メアリー氏:不満はあった。英語を話さない移民への公共サービスの提供が負担になった。だが、移民も含めた市民団体が住居や教育、医療などの相談に乗り、問題解決に当たった。人々はより豊かな暮らしを求めて移動する。家族や自分の生活を上向かせたいと考える人は意欲と才能に溢れている。彼らは仕事を奪うのではなく作り出している。東欧から働きに来た若者がどれほど経済を支えたことか。

インタビュアー:移民流入で社会の亀裂が広がっている面はないか。

メアリー氏:アイルランドは今も学習の途上だ。国民も大量の外国人流入を必ずしも快適とは思っていないかもしれないが、全体として国の役にたっていると受け止めている。
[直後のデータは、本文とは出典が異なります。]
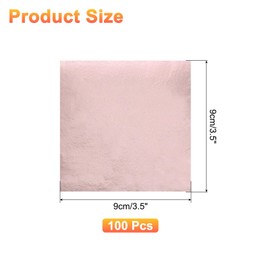 sourcing map 100pcs Leaf Sheets, 3.5" x 3.5" Foil Sheets Paper Sheets for DIY Crafts Painting Nails Resin Furniture Decoration(Light Rose Gold)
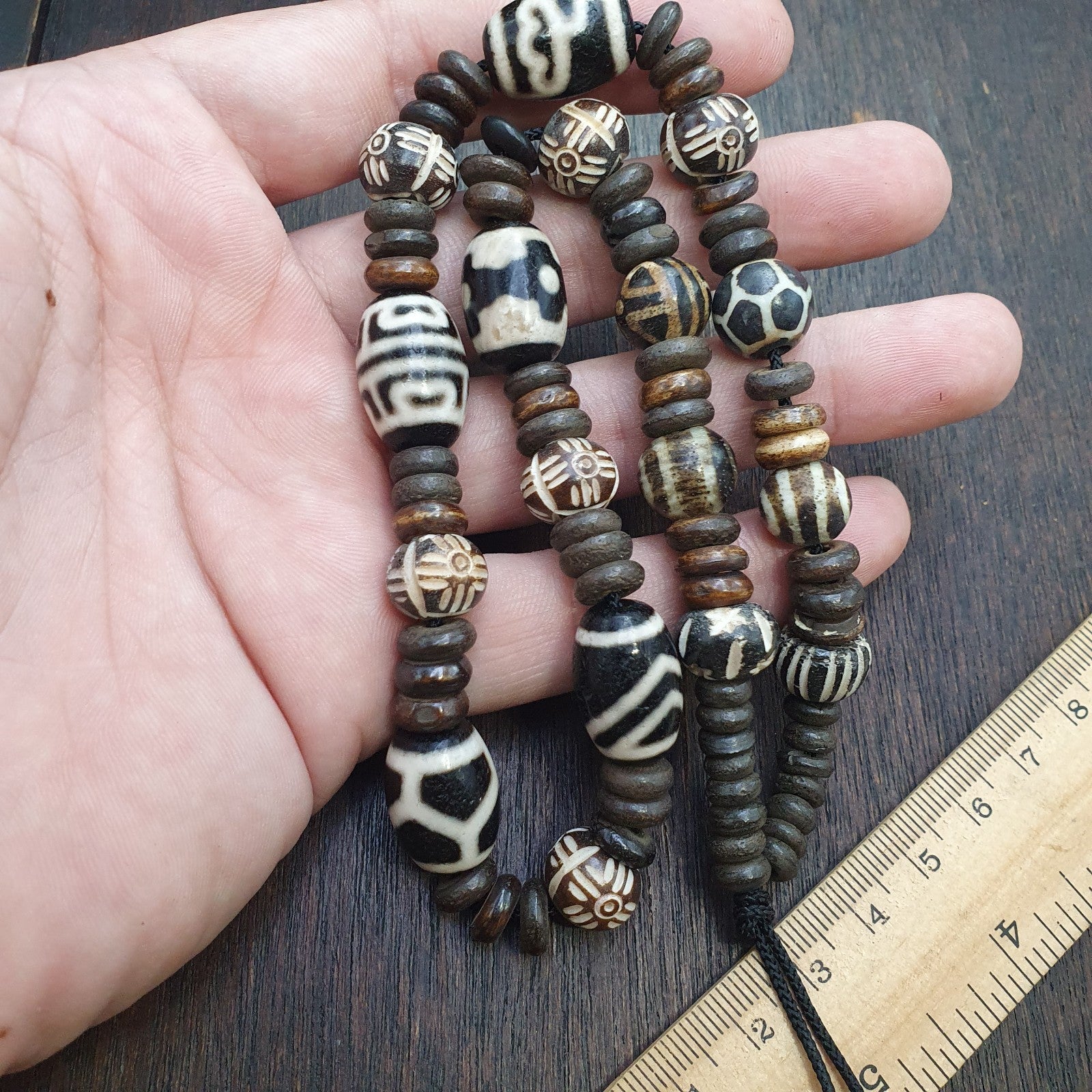 HIMALAYAN Indo Tibetan 5 Dzi Agate beads pumtek carving yak bone beaded necklace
インタビュアー:移民が増えて福祉国家としての理念を揺さぶられる国もある

メアリー氏:デンマークやオランダでは外国人を受け入れる負担が大きく、不満が蓄積している。しかし異なる言語や文化背景を持つ移民は、社会に多様性とエネルギーをもたらす。我々のアイデンティティーは幾層にも積み重なっており、共通の理解の土壌を見つける方法は(出身国のほかに)多くある。グローバル化は21世紀の国家のあり方を規定する現象で、移民とは人間の顔をしたグローバル化だ。国家はそこで生まれた市民を包括するだけの枠組みではない。指導者は移民に門戸を開いた近代的国家の利益を示し、そのための環境を整えなければならない。

インタビュアー:日本はアイルランドの成功に学べるか

メアリー氏:日本には急速に進む高齢化という独特の問題がある。経済発展がひとまずピークを迎えた時期に中国やインドが新たなライバルとして台頭してきた。緊急事態に変化への熱意を持てるのは普通は若い世代だ。アイルランドは移民のおかげで若さを保っている

インタビュアー:大国の影響力が増すなかアイルランドのような小国が生き延びる方策は何か

メアリー氏:小国で島国のアイルランドグローバル化で重大な転機を迎えた。常に革新的であること、強い分野を持つこと、高等教育への投資を惜しまないことが重要だ。人的資源が重要というのはアイルランドだけの話でない。